Just kidding!! She is on the waiting list at Scottish Rites for eval, it may take up to a year... I haven't thought about the APD eval in a while. Her auditory issues are weak auditory memory and comprehension. It's improved a lot, but mainly because of me accommodating, come to think of it.

 

The one factor that makes me think she may grow out of it, is that English is her 3rd language. Her birth language was Swahili, until age 2.5. Then for about 4 months she spoke French while in the orphanage. Then she joined us. By this point, she didn't use any more Swahili, and she had quite good French for a preschooler; she only had one word she regularly mispronounced, otherwise she had perfect articulation.

 

The thing with Swahili is that there are no blends, and blends are what she struggles most with.
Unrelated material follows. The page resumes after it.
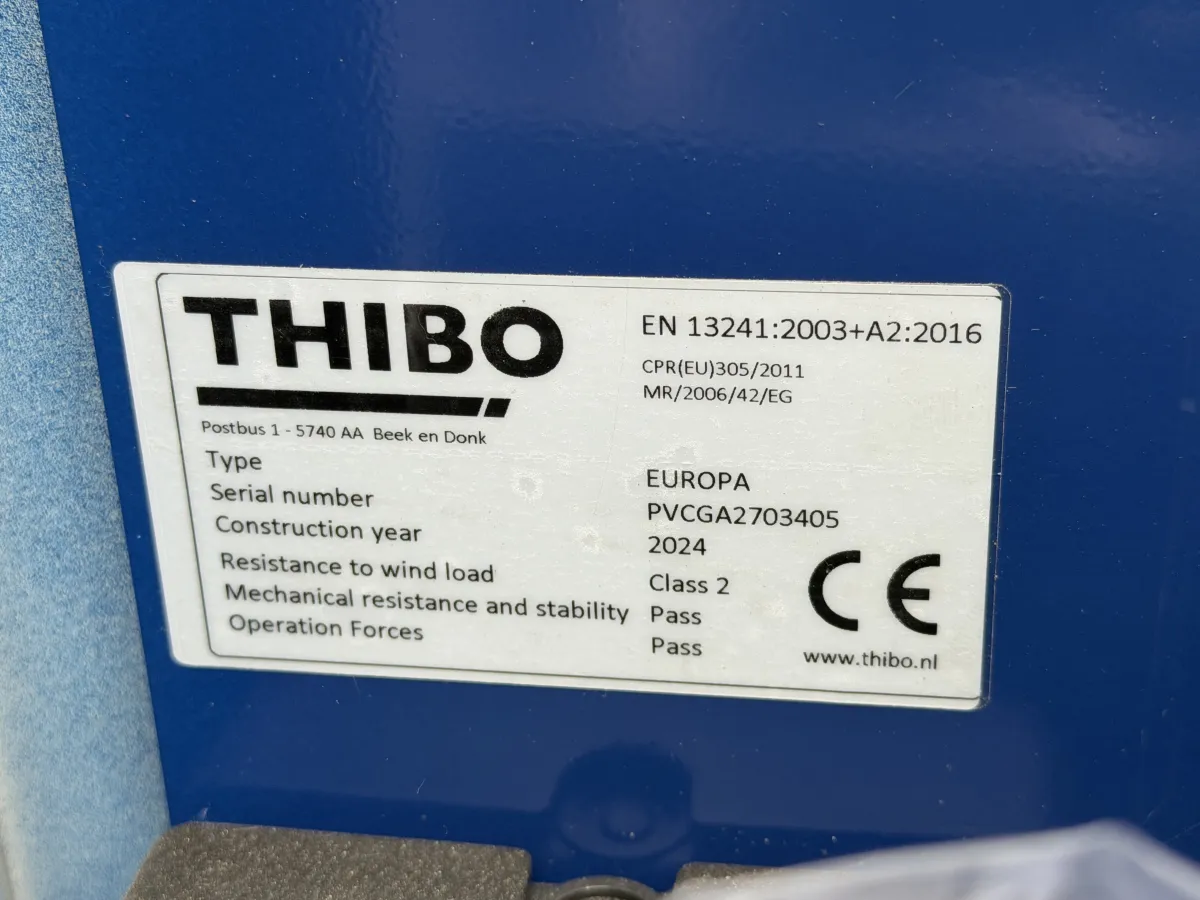 Thibo EUROPA Sliding Gate 2024 – Serial PVCGA2703405, Class 2, CE Certified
So I do wonder if her brain has been hard-wired for the Swahili phonetic system and it will just take longer for her.

 

Articulation-wise, she picked up the English R in just a couple weeks (after having a perfect French R... which she no longer has). She can produce all the other sounds. If you met her you would not think she has an accent. 

 

W/Barton, she can't always distinguish between short E and short U.

 

I started LiPS with her a couple weeks ago. I think it will help a lot, and I'm glad to hear that confirmed by some of you.

 

I have more thoughts and want to answer your questions... I will do so later.